Federal and state laws put some limits on an employer’s use of criminal records to make employment decisions.
Although federal law doesn’t generally prohibit employers from using criminal records as a basis for employment decisions, some states protect employees from certain uses of their criminal records. And, if an employer’s policy of disqualifying applicants or employees with a criminal record disproportionately affects members of a protected group, that employer could face a discrimination charge.
State Laws on Criminal and Arrest Records
Many states specifically bar employers from getting records of arrests that did not lead to convictions or from asking applicants about such arrests. A number of states also prohibit employers from asking about criminal records that have been sealed or expunged, and allow employees to treat these convictions as though they had not occurred (for example, if an employment application asks the employee about past convictions). Some states allow employers to check or ask about convictions only if they bear a rational relationship to the job in question; an employer who made job decisions based on an unrelated conviction might violate the law.
The rules may differ for employees who will work with particularly vulnerable populations, such as children, elders, and adults who have disabilities. Many states allow or require employers to check criminal records for these employees, and to refuse to hire employees with certain types of prior convictions. The same may be true for jobs that carry a higher degree of risk. For example, if an employee will enter people’s homes (as a building superintendent, for example) or carry a weapon (as a security guard, for instance), state law may allow or require employers to check for criminal records.

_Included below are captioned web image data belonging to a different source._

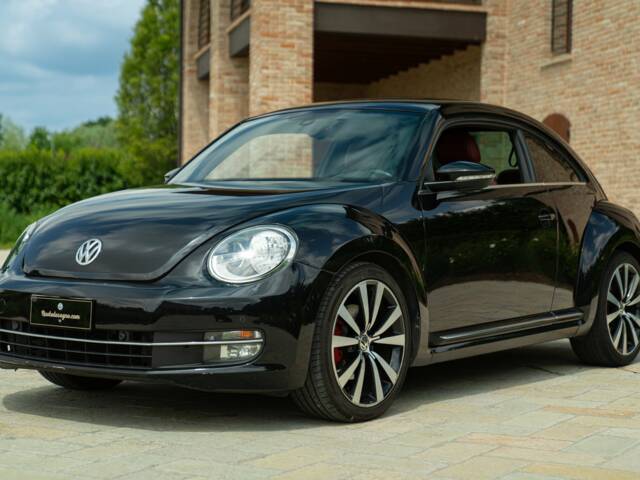 Imagen 1/50 de Volkswagen New Beetle 2.0 (2012)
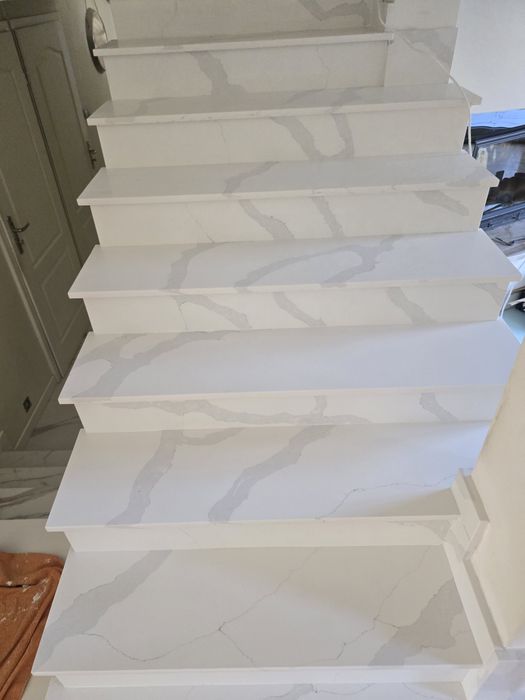 Schody kamienne zewnętrzne wewnętrzne granitowe marmurowe konglomerat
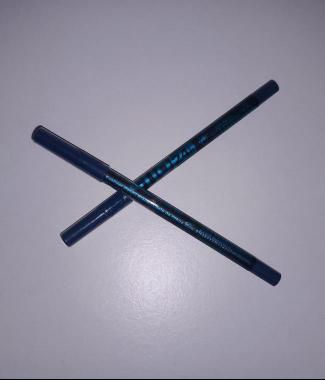 Lápiz de ojos color Azul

Some states also give applicants a right to be notified if their application is denied based on their criminal record.
The Equal Employment Opportunity Commission (EEOC), the federal agency that interprets and enforces federal laws prohibiting discrimination, has said that an employer’s blanket policy of excluding all applicants who have a criminal record could result in discrimination against African Americans and Latinos. If such an employer policy has a disproportionate negative effect (a “disparate impact”) on a protected group, the employer must show that the policy is job related and consistent with business necessity. The employer generally must show that it considered:
- the nature and seriousness of the offense
- how much time has passed since the conviction or since the sentence was served, and
- the nature of the job for which the person applied.
If the applicant’s conduct is particularly egregious or the crime is related to the job sought, the EEOC has said that the employer will generally be able to justify its decision.
An employer who bases its decision on an applicant’s arrest record must also evaluate whether or not the applicant actually engaged in the charged conduct by, for example, giving the applicant an opportunity to explain what happened and making any other inquiries necessary to decide whether the applicant’s explanation is credible.
Getting Legal Help
If you believe you have been denied a job unfairly based on your arrest or criminal record, you may want to talk to an experienced employment lawyer. A lawyer can explain the laws of your state, evaluate your situation, and help you decide how best to proceed.